Abstract
Desert View Watchtower opened in 1933 on the Grand Canyon South Rim, under the management of the Fred Harvey Company. The structure contains many self-contradictions, in terms of style and use. In this thesis, I argue that these contradictions come from the dichotomous motives of Desert View Watchtower's architect, Mary Colter, and her employers, the Fred Harvey Company and the Atchison, Topeka & Santa Fe Railway. New western history theory of the Mythical West is used to explain Harvey/Santa Fe marketing, which created a narrative suggesting that Native American lifeways were going to disappear from the Southwest. I argue that Mary Colter wished to contradict this messaging as, at this later point in her career, she had found similarities between her experience in hegemonic systems that belittled her and that of Native Americans working in the commercialized tourism industry which belittled them.

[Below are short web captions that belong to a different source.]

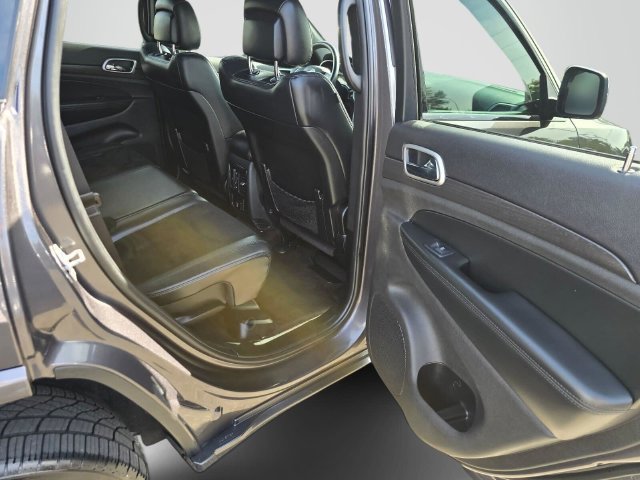 Used 2018 Jeep Grand Cherokee Altitude AWD/4WD image 13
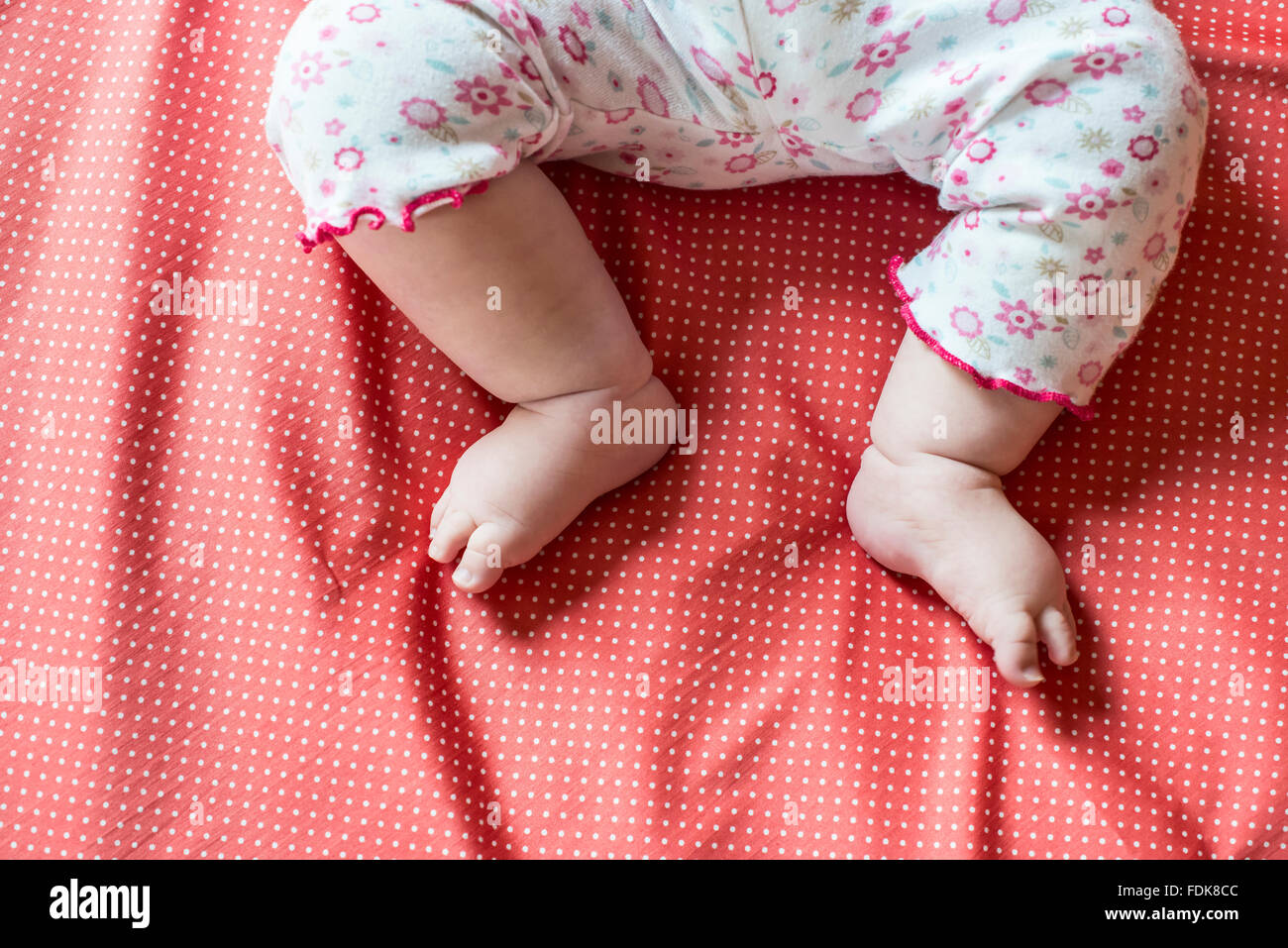 Cerca de los pies de un bebé niña Foto de stock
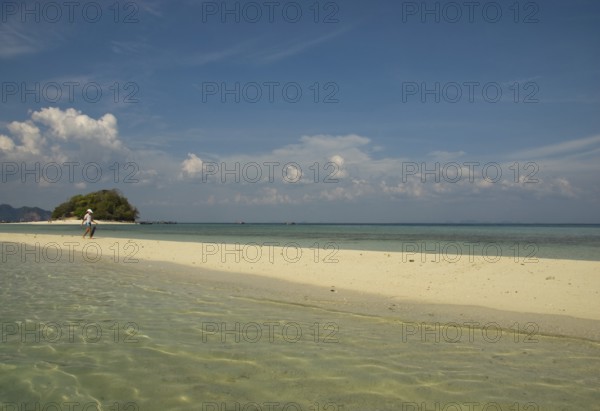 Sandbank between the Thai islands of Chicken Island and Tub Island, Chicken Island, Chicken Island, Thailand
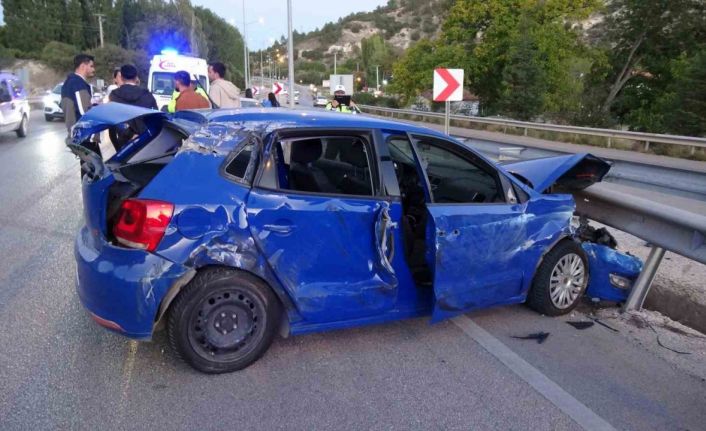 Burdur’da kontrolden çıkan otomobil önce bariyere sonra traktöre çarptı: 5 yaralı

Colter's main method of empowering Native voices was to hire the Hopi artist Fred Kabotie and defer to him in her writings.
Degree
MA
College and Department
Humanities; Comparative Arts and Letters
Rights
https://lib.byu.edu/about/copyright/
BYU ScholarsArchive Citation
Foster, Allison M., "Reconstructing Visual Narratives: Mary Colter, Fred Kabotie, and the Myth of the West at Desert View Watchtower" (2024). Theses and Dissertations. 10502.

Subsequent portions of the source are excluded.